The first time I saw the name Reckong Peo on a map of Himachal Pradesh, it held my attention. It seemed like a land so far off in a corner of the world, that god knows how one would get there. It seemed mysterious. I conjured up an image of a dusty frontier town with a token government office and a little market for the villages in Kinnaur. One of those towns from the stories and legends of the Silk Road.
When one is roughing it out on the dusty parts of the Hindustan-Tibet road, with the mighty Sutlej running deep on one side, and one sees the road-sign pointing to ‘Peo’ (yes, the town has a nickname!); one wouldn’t expect what’s coming.
As we climb, the dusty valley floor turns to bush and shrub, lush greens and coniferous pines within three turns. Each hairpin teases us a little more; there seems to be something opening up on the hills across the valley. Then, suddenly you catch a glimpse of white! It is the snow-line! The dizzying heights of permanent snow!
In open-mouthed gaping wonder we strain our necks to see more and more of this. Whilst we’re so occupied, we arrive smack in the middle of Peo market. Suddenly there are scores of shops, many vehicles and even traffic cops! Dazed for a moment, we stand in the middle of the square blocking traffic. A sharp whistle and gestures from the cop get us moving and we park to the side.

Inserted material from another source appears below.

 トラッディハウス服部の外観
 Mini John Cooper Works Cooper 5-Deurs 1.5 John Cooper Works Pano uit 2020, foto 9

So this is the district headquarters of Kinnaur, Reckong Peo. I was right in one sense, it is the market and trading place of the region. What I did not expect was modernization. Concrete has come and brought some of its monotony here; sort of a small town mall and shopping complexes that you’d find in urban India; plenty of government offices and buildings. But, this is where you resupply! And we’re thankful for the mechanics, fuel station, batteries, hardware shops, ropes and fried food.